While using environmentally friendly products often comes with a greater up-front cost, there are numerous long-term benefits. Here are a few considerations for builders, remodelers and property managers considering an eco-friendly deck:

Maintenance and Materials

The value of any eco-friendly product is its ability to last. For example, unlike wood, which requires re-staining every one to four years, eco-alternatives like composite decking typically don’t require a stain treatment and take longer to fade from ultraviolet rays or weather changes. They are also more resistant than wood to termites, mold and bowing. “Durability means reduced maintenance for the consumer, helping them save money over the lifetime of that product,” says Andrea Nocito, founder and principal sustainability consultant for EcoStrategies, a sustainability planning and implementation eco-boutique in San Antonio, Texas.

When building an eco-friendly deck, there are a variety of materials that are more sustainable than wood.
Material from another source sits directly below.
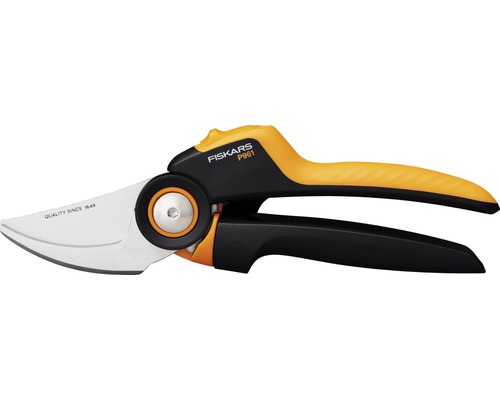 Zahradnické nůžky FISKARS PowerGear™ X P961 vel. L dvoubřité-0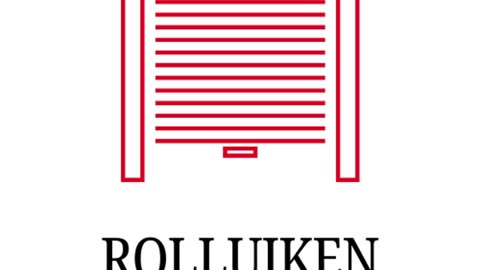 Het proces van rolluiken installeren.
The most popular is composite decking. Made of up to 95 percent recycled, high-density polyethylene (HDPE) and wood from landfills, composite decking looks natural like wood, comes in a variety of colors, and resists stains and fading. Because the longevity of composite wood can vary, Nocito recommends using the kind that requires little to no maintenance for 10 years.

Many builders, remodelers and property managers also include LED lights, solar track lighting and rainwater harvesting systems in their deck designs. Consider incorporating LED strip lighting or modules in soffits overhead, or solar lanterns along walkways, Nocito says. “These products limit energy consumption while maintaining aesthetic value,” she says. “I'm particularly fond of using LED or solar bricks in between wood panels on decks or around a garden feature.”

Property Value and Tax Benefits

Building a deck also adds additional value to a property, says Kristin Arrigo, author of Seasonal Home Repair Checklist: Eco-Alternatives for Maintaining Your Home who lives in Los Angeles, Calif. A deck adds more usable space to a home and is visually appealing to homeowners and buyers, especially when it’s made with materials that last longer.

Moreover, eco-friendly features are more desirable to buyers and renters, making the addition a “home upgrade with a bonus,” she says. In addition, eco-friendly products are increasingly priced at competitive market rates, and with local, state and federal tax and rebate incentives, they may end up cheaper for the consumer, Nocito says.

Whether you’re installing a new deck, replacing an old one or adding a few elements, eco-friendly building materials will benefit your clients in the long run with low maintenance and increased value.